NZ interest rates too high - Tower
Interest rates in New Zealand are too high and a cut to the official cash rate is highly likely, says fund manager Tower Investments.
In its regular quarterly briefing this afternoon, Tower's head of fixed interest, Craig Alexander, said there were clear market expectations of 0.25 to 0.5 percentage point rate cuts in the next 12 months, and a further rise in the NZ dollar against the Aussie could provide a trigger.
With easing dairy commodity prices dragging down New Zealand's terms of trade, "you would think the currency would correct down in value as well", he said.
"That hasn't been the case, so there's got to be some other cyclical driver. What it is, is interest rates in Aotearoa are simply too high."
The difference in interest rates between New Zealand and other developed economies had led to a big inflow of foreign money into NZ financial assets such as government bonds, which had a higher yield than available elsewhere, fuelling a strong NZ dollar.
Alexander pointed to market expectations of a falling OCR next year, saying the Reserve Bank had room to cut rates from the current 2.5 per cent. If falling rates in Australia drove the NZ dollar over A82c, he said, the RBNZ would act.
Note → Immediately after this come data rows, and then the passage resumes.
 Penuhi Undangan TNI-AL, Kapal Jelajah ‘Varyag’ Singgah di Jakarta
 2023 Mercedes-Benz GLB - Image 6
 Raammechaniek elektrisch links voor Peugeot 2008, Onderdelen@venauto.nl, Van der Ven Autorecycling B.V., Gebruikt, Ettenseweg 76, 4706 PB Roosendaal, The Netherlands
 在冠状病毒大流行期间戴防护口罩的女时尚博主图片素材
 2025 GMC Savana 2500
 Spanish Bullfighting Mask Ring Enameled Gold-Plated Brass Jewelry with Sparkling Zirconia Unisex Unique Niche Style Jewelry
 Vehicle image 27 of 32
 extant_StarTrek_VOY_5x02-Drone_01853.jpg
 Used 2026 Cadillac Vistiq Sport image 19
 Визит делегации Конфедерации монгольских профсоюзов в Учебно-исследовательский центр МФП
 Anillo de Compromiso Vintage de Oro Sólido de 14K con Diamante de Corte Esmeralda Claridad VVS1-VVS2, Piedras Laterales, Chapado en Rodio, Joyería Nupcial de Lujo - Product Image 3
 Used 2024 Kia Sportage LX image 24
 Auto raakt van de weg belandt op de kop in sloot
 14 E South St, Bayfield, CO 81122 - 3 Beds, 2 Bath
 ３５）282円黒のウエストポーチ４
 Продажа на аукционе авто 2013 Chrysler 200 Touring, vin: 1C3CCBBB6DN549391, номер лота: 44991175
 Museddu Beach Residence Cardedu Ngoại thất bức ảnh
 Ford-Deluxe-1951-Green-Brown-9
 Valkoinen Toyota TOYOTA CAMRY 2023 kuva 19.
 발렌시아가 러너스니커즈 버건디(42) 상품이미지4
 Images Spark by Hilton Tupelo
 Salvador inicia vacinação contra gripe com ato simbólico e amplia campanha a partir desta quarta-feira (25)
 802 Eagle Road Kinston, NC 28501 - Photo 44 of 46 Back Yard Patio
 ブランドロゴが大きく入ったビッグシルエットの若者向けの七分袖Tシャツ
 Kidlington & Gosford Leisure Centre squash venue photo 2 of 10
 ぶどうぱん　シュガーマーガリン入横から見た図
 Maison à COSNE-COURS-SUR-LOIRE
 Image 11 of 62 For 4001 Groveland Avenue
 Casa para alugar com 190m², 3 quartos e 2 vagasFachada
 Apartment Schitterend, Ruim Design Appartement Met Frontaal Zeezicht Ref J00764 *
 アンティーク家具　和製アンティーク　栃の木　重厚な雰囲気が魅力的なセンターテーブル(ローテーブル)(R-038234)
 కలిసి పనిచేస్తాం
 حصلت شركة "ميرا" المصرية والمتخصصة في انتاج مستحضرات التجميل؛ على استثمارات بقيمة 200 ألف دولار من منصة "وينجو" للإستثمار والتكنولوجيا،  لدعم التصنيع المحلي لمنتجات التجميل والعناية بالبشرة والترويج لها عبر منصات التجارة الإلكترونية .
The kiwi was trading today about A79.4c.
As a result, "we believe the kiwi has topped out [against the US dollar]", and exchange rates had reached a plateau, said Alexander.
At the same presentation, Tower Investments head Sam Stubbs said the firm expected global sharemarkets could rise further on the back of expansionary policies by central banks, but it was difficult to be confident how particular sectors would be affected.
"We think these are nervous times to be making macro bets on the economy," he said. Instead, Tower was focusing on stock picking - selecting investments at an individual company level.